1. How do I open a TFSA?

A financial advisor can help you open an account. You will need your social insurance number. Contact your MD Advisor if you would like to set one up.

2. Can I have more than one TFSA?

You can have more than one TFSA but the total you can contribute between them is limited to your accumulated contribution room.

3. What investments can I hold in a TFSA?

Similar to a registered retirement savings plan (RRSP), many types of investments are eligible for TFSAs. These include stocks, bonds, mutual funds, ETFs, cash and guaranteed investment certificates (GICs).

4. Can I open a joint TFSA with my spouse?

Under the same rule that applies to other registered accounts, you cannot own a joint TFSA.

5. Can I make a contribution to someone else’s TFSA?

No, you can’t contribute directly to someone else’s TFSA, including your spouse or children. You can, however, provide another person with money so they can contribute to their own TFSA. Income that the other person earns will not be attributed back to you.

6. Where can I find out how much contribution room I have?

Your annual contribution limit can be confirmed by contacting the Canada Revenue Agency (CRA) or you can find it online if you have registered for CRA’s “My Account” services. Go to Canada.ca for more information.

7. What happens if I over-contribute?

CRA assesses penalties for over-contributions at a rate of 1% per month on the excess contribution.

8. Do investment gains in my TFSA affect my contribution room?

Investment income and changes in the value of your TFSA investments do not affect contribution room.

9. Can I withdraw $10,000 for my summer vacation and then put that amount back into my TFSA in the same year?

You can re-contribute the funds in the same year only if you have the available contribution room. Otherwise, contribution room is restored the following calendar year.

10. What happens if I have a capital loss in my TFSA? Can I use that to reduce my taxes?
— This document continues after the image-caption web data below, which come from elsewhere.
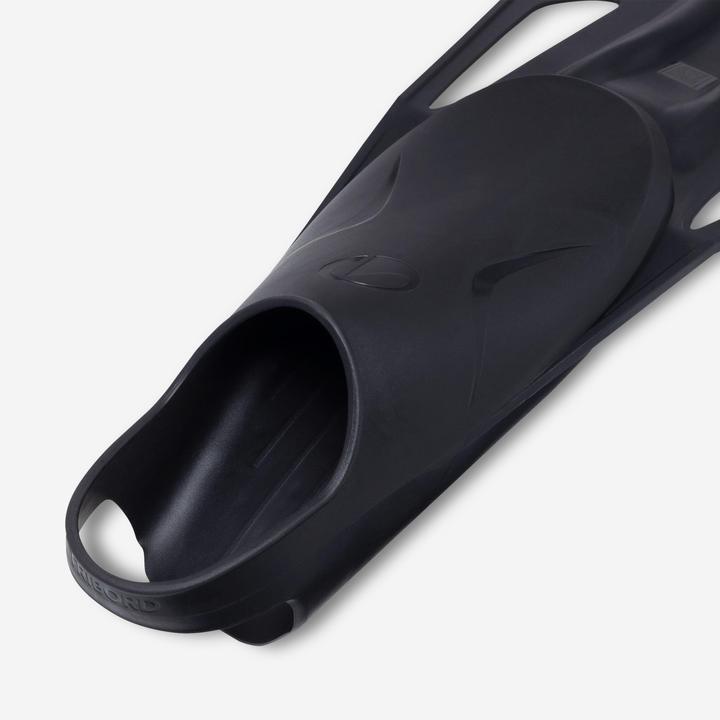 Image du produit Subea Palmes plongée et apnée - FF 500 REACT Noir (40, 41)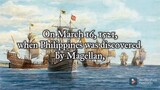 "Magellan" - Filipino Novelty Song about the 1521 Magellan Expedition and Battle of Mactan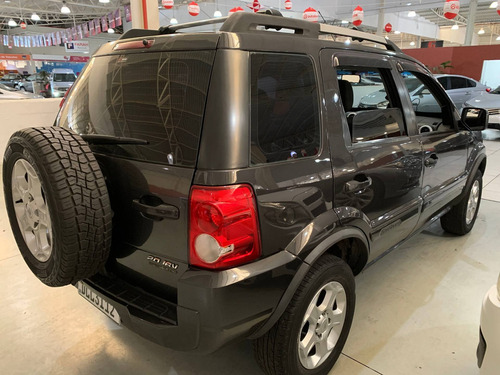 Imagem 9 de 9 de Ford Ecosport 2.0 Xlt 16v Flex 4p Automático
In many cases, investors can sell assets that decrease in value (capital loss) to lower the capital gains of other investments and, in turn, minimize capital gains tax. However, you can’t carry this out in a TFSA because you don’t pay tax on any capital gains. The opposite is true in a non-registered account, where your capital loss can be applied to help offset your capital gains. Note also that in a TFSA, a capital loss is not considered a withdrawal, so it is not part of your contribution room calculation.

11. Are there investments that I should not hold in my TFSA?

Dividend income from foreign investments (such as dividend from a U.S. stock) is generally subject to foreign withholding tax, so from a tax perspective it’s best to hold such investments in a non-registered account.

12. What happens to my TFSA when I die?

If you have named your spouse or common-law partner as “successor holder” on your TFSA, usually this person simply replaces you as the holder and acquires all rights related to your TFSA. 1 Without such a proviso in place, the TFSA earnings could be taxable to your estate or a beneficiary.

13. What if I move out of Canada?

If you already have a TFSA, you can maintain it but you cannot add any funds to it once you’ve moved out of Canada and, for tax purposes, have become a non-resident.